Ian Lagarde on the inspiration behind his new film All You Can Eat Buddha.

Ludovic Berthillot in All You Can Eat Buddha

The inspiration behind Ian Lagarde’s All You Can Eat Buddha isn’t immediately obvious. It follows Mike (Ludovic Berthillot), a hulking Frenchman who arrives at an all-inclusive resort in South America all alone. A man of few words, Mike spends his days wolfing down food from the buffet and lounging around. He barely speaks to anyone, from the overly enthusiastic dance instructor (David La Haye) to the supernaturally devoted maitre’d (Sylvio Arriola) and yet his presence begins to have a calming effect on the resort. As he decides to prolong his stay, he stops taking his insulin shots and begins performing something resembling miracles on the guests while the unnamed country undergoes a revolution both civil and natural.

You would assume from the grotesque, lightly psychedelic depiction of the all-inclusive lifestyle that Lagarde had a real bad time at a resort once upon a time, but as he explains, the inspiration came to him in a much more pragmatic way.

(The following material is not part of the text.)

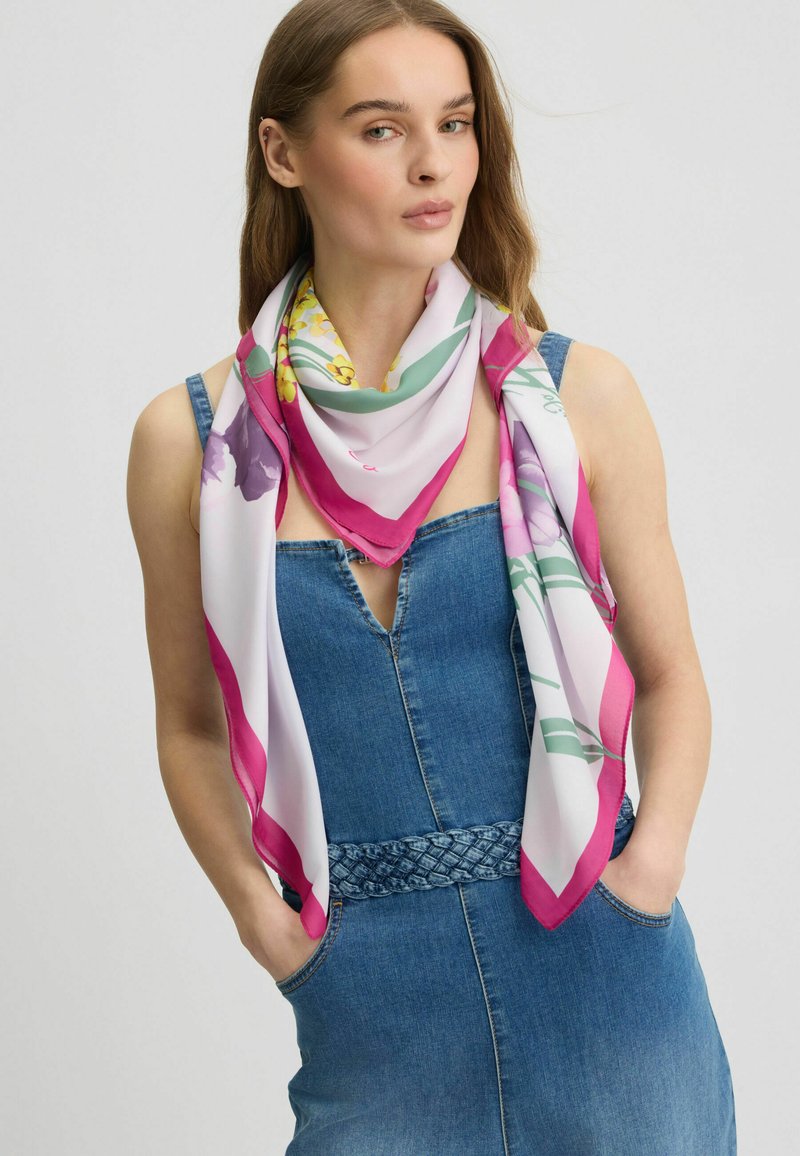 Silketørklæde med et blomsterdesign i pink, grøn og gul, med en glat tekstur. Formet som en trekant med en kontrasterende kant.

“I’d never even been in an all-inclusive resort before writing the film,” he explained over the phone from Paris, where he is doing a writing residency. “It’s never something I’ve particularly been interested in, until the day that I was with a friend in Mexico and we decided ‘Fuck it, let’s have a gringo day!’ We went to this all-inclusive-ish water park. They give you a bracelet and you eat from a buffet and so on; it was very strange, and not really the kind of context in which I felt very comfortable. I was reading Hermann Hesse’s Siddhartha – which is kind of a kitschy vacation read in a way – at the time and, I don’t know – it just dawned on me.”

“I thought it was really interesting to juxtapose the sacred kitsch of a hero’s journey like the one in Siddhartha with the context of an all-inclusive resort, which is more in the profane kitsch realm. I felt there was a lot of potential in that, but it stayed within me for a while until I finally got it down on paper. So, no, it wasn’t a traumatic experience… but the first time I went to one for research purposes – quote-unquote research – it confirmed a few things I had suspected but it did open my mind to that kind of environment. It’s a pretty particular place.”

Though the film wavers between satire and something a little more left-field (a talking octopus eventually features prominently), Lagarde does turn a caustic eye towards the very tradition of the all-inclusive resort.

“It is a space that scares me, in a way,” he says. “I don’t judge in the sense that I don’t judge the people who attend them – I understand that intuition. But the only time that I went to one… I had to kind of face the fact that if I was going to write a movie set in an all-inclusive resort, I should probably go to one! (laughs) I was with my younger brothers and I had set out to stay there for a full week. Thankfully, after three days they came to me and said, ‘Dude, we have to get the fuck out of here!’ I jumped on the occasion!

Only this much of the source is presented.